Within this framework, the system must effectively manage trade-offs
between traditional Quality of Service (QoS) objectives and green
goals, maintaining service reliability and performance while
optimizing energy efficiency and reduced emissions. Furthermore, the
intent framework should incorporate negotiation and validation
mechanisms, recognizing that network providers may only be able to
partially fulfill green intents depending on their current
infrastructure capabilities and operational policies.
4. Practice Learnings
4.1. Difficulties and Challenges
Some key learnings and takeaways can be extracted from the practices
and implementation of IBN systems in different use cases. Commonly,
there involve the following technical challenges in building IBN
systems, incluing handling the dynamic and time variant nature of the
network, the efficient management of cross-domain resources, and the
reliability of automatic configuration, etc.
Let us take Service Function Chaining (called SFC) as an example to
show three challenges as follows.
1. Stability in Dynamic Network Environments: For instance, in the
space-terrestrial networks where the network topology is with
frequent changes, it is essential to design efficient service
function chain reconstruction and service recovery mechanisms.
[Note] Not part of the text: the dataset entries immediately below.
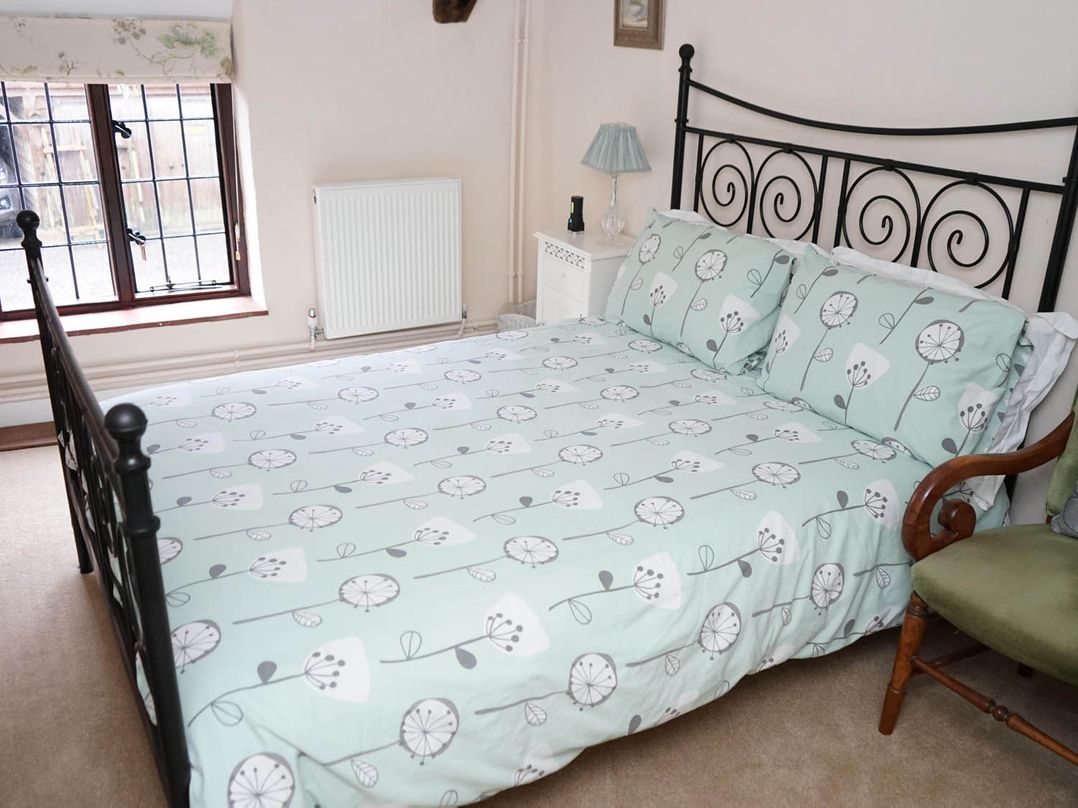 Historic 2Bed Traditional Countryside Retreat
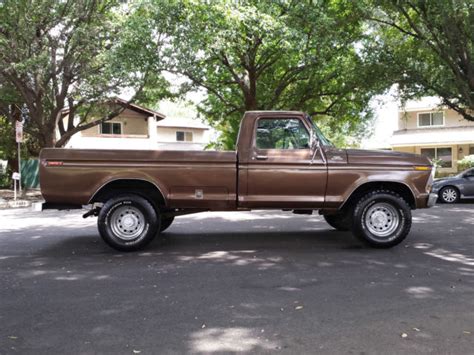 No light when pushing the button. Ford F-250 Standard Cab Pickup 1979 Brown For Sale ...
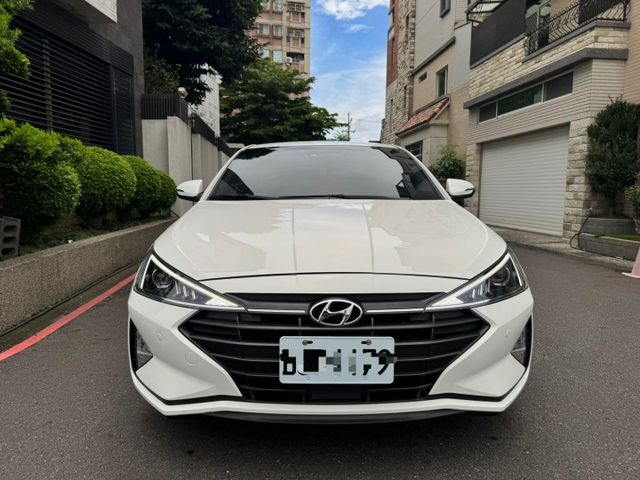 ELANTRA  第1張相片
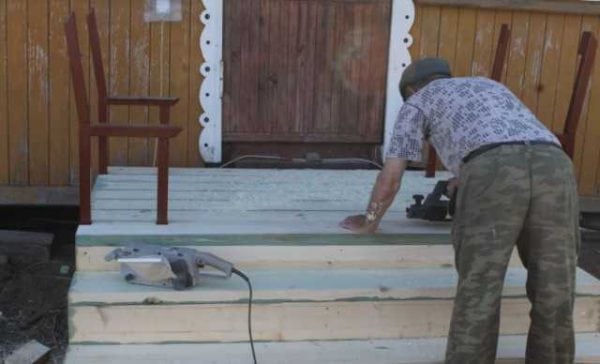 Preparando uma varanda de madeira para pintura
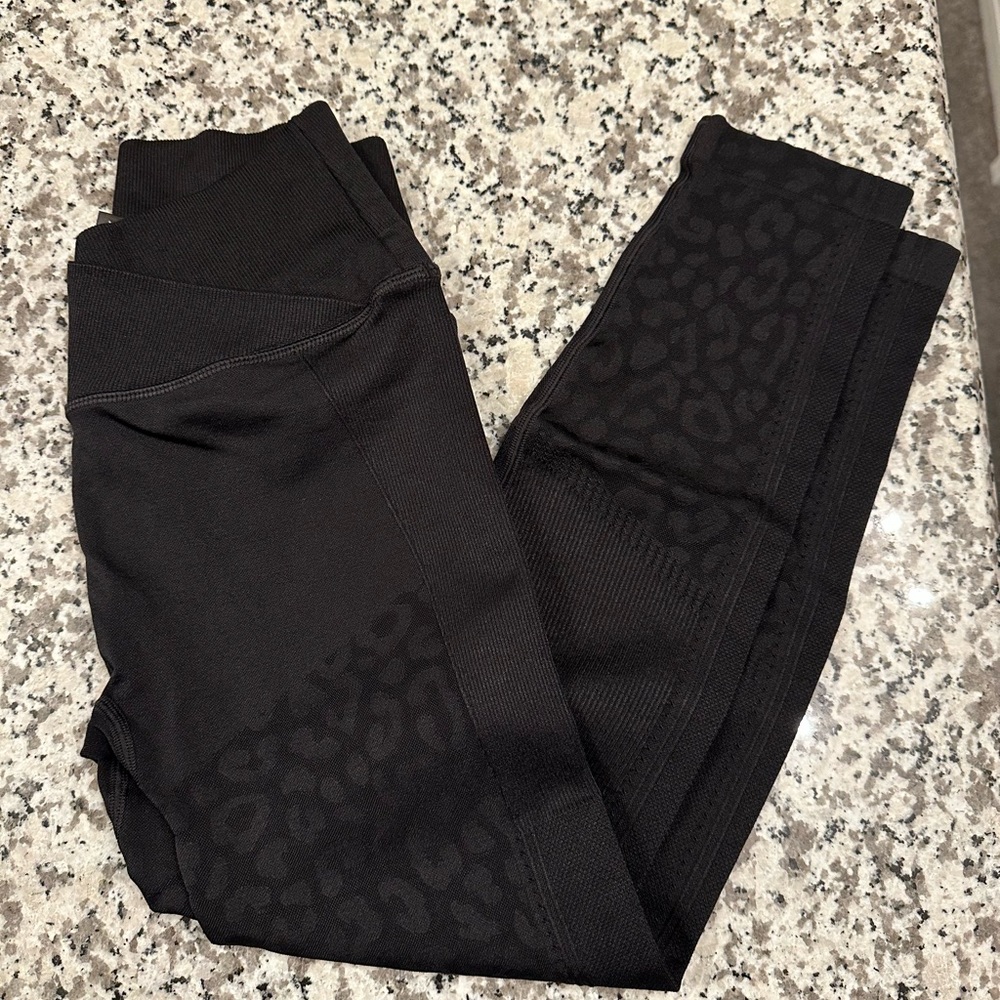 SOLD NWOT High rise seamless 7/8 Tight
But how to guarantee the effectiveness of the chaining rule in
these scenarios is still a challenge.
2. Collaborative Management of Cross-Domain SFC: To ensure the
network intents across multi-domain networks, intent-based
networks should be designed with a cross-domain orchestration and
management framework to ensure an E2E optimization of Quality of
Service (called QoS).
3. Deployment under Resource-Constrained Conditions: It is important
to consider how to effectively deploy and manage these service
function chains within limited resources. Methods such as intent
negotiation can be introduced to optimize resource allocation in
the SFC.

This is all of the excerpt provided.